These eqs define the RdTS algebra. For more details on this
algebraic structure, see [1,23].

\subsection{More on RdTS invariance}
Having described RdTS symmetry, we turn now to make three comments
on the algebra (4.18).
\subsubsection{ Bulk HWR}
A generic highest weight representation of the RdTS symmetry is
obtained, as usual, by successive applications of the creation
operators on a given HW state $\vert {\Lambda}\rangle$. To work
out these representations in a tricky way, note the two
following:\\
 {\bf (1)} eqs(4.18) has two subalgebras $A_{(1+2){d}}^{+}$ and $A_{(1+2){d}}^{-}$ generated by (${J_{0,\pm},P_{0,\pm}, {\bf{Q}}_{-{r\over k}}^+}$, with $ 0<r<k$ ) and (${J_{0,\pm},P_{0,\pm}, {\bf{Q}}_{-{r\over k}}^-}$, with  $0<r<k$ ) respectively.Thus starting from the vaccum states $\vert {\Lambda^{\pm}_{s}}\rangle$ in the $(\pm{s})$ spin representations of so(1,2), one can build the on shell HW representations of $A_{(1+2){d}}^{\pm}$ which read as:\\
{\bf (i)} HWR of $A_{(1+2){d}}^+$\\
\begin{equation}
\begin{array}{rcl}
 {\bf{Q}}^{-}_{-{1\over k}}\vert \Omega^{+}_{s}\rangle &=& 0\\
\\
 \{{({\bf{Q}}^{+}_{-{1\over k}})^{r}\over [r]!}\vert \Omega^{+}_{s}\rangle &;& o\le r\le k-1\}
\end{array}
\end{equation}
Note that [r] is the q-number given by $
{{\omega^{-r}}-{\omega^r}}\over {{\omega^{-1}}-{\omega^1}}$, with
$\omega= exp{i{\pi\over k}}$. Note also that the above basis
states is k dimensional and carries the spin values $(s-{r\over
k})$.\\ {\bf (ii)} HWR of $A_{(1+2){d}}^-$\\
\begin{equation}
\begin{array}{rcl}
{ \bf{Q}}^{+}_{-{1\over k}}\vert \Omega^{-}_{-s}\rangle &=& 0\\
\\
\{{({\bf{Q}}^{-}_{-{1\over k}})^{r}\over [r]!}\vert
\Omega^{-}_{-s}\rangle &;& o\le r\le k-1\}
\end{array}
\end{equation}
In this case the basis states carry opposite values of the spin;
i.e $(-s+{r\over k})$.\\ $\bf (2)$ A class of HW representations
of the full algebra may be obtained from the above ones just by
requiring CPT invariance; in particular by imposing,\\
\begin{equation}
\begin{array}{rcl}
 {\bf{Q}}^{-}_{-{1\over k}}&=&[ {\bf{Q}}^{+}_{-{1\over k}}]^+ \\
\\
  {\bf{Q}}^{-}_{1-{1\over k}}&=&[ {\bf{Q}}^{+}_{1-{1\over k}}]^+
\end{array}
\end{equation}
In the rest frame where $ P_{0}=E$ is a constant and
$J_{\pm}={P_{\pm}}=0$, HW representations of $A_{(1+2)d}^{+}$ have
k dimensions and depend on the value of $E$. For $E=0$, the
representations are nilpotent since $( {\bf{Q}}_{-1/k}^{+})^k=0$.

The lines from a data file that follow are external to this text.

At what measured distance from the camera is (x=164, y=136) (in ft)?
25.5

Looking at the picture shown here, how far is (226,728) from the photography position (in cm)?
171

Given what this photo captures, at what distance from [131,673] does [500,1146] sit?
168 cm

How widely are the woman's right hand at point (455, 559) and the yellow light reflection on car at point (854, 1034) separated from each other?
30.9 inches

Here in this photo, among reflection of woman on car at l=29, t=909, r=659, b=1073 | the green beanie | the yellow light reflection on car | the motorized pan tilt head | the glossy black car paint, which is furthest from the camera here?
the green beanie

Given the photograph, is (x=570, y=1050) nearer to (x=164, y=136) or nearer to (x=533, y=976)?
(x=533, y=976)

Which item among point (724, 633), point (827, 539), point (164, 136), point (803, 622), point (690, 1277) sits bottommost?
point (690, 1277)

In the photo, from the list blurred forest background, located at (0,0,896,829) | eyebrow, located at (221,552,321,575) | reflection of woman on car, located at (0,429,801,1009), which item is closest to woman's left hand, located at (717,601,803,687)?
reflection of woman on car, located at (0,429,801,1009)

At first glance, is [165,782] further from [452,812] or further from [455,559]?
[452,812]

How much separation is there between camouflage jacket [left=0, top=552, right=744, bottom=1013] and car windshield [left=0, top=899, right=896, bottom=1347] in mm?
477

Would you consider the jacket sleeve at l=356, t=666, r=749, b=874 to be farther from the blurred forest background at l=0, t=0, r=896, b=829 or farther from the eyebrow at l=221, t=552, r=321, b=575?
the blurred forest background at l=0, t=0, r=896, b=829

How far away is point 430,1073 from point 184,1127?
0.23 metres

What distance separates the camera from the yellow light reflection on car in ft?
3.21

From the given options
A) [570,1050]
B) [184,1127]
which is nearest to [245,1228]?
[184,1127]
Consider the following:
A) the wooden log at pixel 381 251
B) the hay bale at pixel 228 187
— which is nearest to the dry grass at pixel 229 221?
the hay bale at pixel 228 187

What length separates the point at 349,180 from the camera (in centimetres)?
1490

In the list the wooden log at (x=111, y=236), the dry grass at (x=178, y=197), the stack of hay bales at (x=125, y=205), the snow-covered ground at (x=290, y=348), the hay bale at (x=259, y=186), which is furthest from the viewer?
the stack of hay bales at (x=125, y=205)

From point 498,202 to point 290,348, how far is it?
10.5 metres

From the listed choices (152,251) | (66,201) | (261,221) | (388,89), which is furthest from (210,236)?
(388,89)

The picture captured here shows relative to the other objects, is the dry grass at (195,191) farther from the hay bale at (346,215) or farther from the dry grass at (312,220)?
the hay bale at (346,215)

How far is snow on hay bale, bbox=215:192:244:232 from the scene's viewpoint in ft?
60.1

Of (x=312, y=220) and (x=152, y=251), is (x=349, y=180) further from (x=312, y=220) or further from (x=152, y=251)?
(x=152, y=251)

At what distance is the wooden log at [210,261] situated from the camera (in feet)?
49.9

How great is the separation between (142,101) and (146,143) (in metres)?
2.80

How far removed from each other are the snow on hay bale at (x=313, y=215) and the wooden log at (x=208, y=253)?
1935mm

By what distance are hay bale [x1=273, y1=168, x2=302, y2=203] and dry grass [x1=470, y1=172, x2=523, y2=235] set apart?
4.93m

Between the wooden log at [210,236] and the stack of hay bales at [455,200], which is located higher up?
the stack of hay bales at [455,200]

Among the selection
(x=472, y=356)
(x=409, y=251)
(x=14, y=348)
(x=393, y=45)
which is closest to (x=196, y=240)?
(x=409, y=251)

However for $E$ non zero, $A_{(1+2)d}^{+}$ HWRs we are interested
in are still nilpotent but have a non trivial center. Examples of
$A_{(1+2)d}^{+}$ representations have been already studied in [1]

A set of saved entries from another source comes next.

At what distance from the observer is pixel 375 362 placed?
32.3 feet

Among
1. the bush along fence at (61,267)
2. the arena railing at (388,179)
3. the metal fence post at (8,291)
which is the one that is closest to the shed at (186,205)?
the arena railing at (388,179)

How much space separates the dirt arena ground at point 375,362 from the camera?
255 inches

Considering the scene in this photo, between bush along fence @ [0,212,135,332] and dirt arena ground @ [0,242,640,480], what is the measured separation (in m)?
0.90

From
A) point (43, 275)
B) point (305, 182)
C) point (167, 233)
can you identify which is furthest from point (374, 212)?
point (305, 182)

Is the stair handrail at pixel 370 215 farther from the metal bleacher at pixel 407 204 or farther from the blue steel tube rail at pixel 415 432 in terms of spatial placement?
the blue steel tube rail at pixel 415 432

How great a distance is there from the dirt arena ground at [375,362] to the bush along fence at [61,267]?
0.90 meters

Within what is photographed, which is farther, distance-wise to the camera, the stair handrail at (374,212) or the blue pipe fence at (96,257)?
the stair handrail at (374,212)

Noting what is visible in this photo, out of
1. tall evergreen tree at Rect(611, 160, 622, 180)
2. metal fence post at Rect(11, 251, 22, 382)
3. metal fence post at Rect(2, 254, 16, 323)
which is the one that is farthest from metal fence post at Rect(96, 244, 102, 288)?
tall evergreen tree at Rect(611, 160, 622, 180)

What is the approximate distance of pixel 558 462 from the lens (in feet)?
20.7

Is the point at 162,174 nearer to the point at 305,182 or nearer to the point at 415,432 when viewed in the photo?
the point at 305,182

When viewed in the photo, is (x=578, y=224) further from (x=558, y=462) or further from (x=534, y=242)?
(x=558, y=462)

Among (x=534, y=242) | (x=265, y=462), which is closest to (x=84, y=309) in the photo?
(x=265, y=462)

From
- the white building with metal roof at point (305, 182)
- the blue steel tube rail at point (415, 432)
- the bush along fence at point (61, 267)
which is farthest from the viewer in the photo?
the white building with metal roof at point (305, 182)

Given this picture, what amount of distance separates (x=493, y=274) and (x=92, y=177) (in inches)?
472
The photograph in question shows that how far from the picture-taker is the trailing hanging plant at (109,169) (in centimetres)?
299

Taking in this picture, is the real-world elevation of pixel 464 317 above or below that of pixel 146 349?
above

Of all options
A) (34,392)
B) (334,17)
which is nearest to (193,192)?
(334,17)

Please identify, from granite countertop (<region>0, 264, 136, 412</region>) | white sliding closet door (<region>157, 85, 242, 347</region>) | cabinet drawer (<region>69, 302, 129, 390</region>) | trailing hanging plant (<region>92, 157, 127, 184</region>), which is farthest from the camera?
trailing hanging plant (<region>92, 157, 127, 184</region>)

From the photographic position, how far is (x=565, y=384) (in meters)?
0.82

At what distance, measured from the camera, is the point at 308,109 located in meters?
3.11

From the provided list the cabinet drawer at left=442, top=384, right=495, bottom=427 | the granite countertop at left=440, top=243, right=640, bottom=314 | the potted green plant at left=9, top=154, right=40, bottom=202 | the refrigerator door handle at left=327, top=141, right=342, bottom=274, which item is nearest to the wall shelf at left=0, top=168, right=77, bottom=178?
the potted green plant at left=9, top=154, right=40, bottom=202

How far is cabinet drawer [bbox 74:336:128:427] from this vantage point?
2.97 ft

using finite dimensional matrix representations and differential
operators on the space of functions on $R^{1,2}$. A simple example
of matrix representation is given by,
\begin{equation}
\begin{array}{rcl}
 {\bf{Q}}_{-{1\over k}}^{+}&=&\left(\matrix{0&0&0&\ldots&0\cr \sqrt{[1]}&0&0&\ldots&0\cr0&\sqrt{[2]}&0&\ldots&0\cr\vdots&\vdots&\ddots&\ddots&\vdots\cr0&0&\ldots&\sqrt{[k-1]}&0\cr}\right),\\
\\
  {\bf{Q}}_{1-{1\over k}}^{+}&=&\left(\matrix{0&0&0&\ldots&\{\sqrt{[k-1]!}\}^{-1}\cr 0&0&0&\ldots&0\cr0&0&0&\ldots&0\cr\vdots&\vdots&\ddots&\ddots&\vdots\cr 0&0&\ldots&0&0\cr}\right)
\end{array}
\end{equation}
\subsubsection{ Edge HWR}
If one supposes that the RdTS algebra given above is also valid
for some class of (1+2) dimensional manifold $M$ with a non zero
boundary $\partial{M}$, then one may also define the limit of
eqs(4.18) on the border of $M$. To derive this limit and its
representations on $\partial{M}$, one has to first specify the
constraints giving the limit $\partial{M}$, identify its right
variables; then replace the generators of the bulk symmetry (4.18)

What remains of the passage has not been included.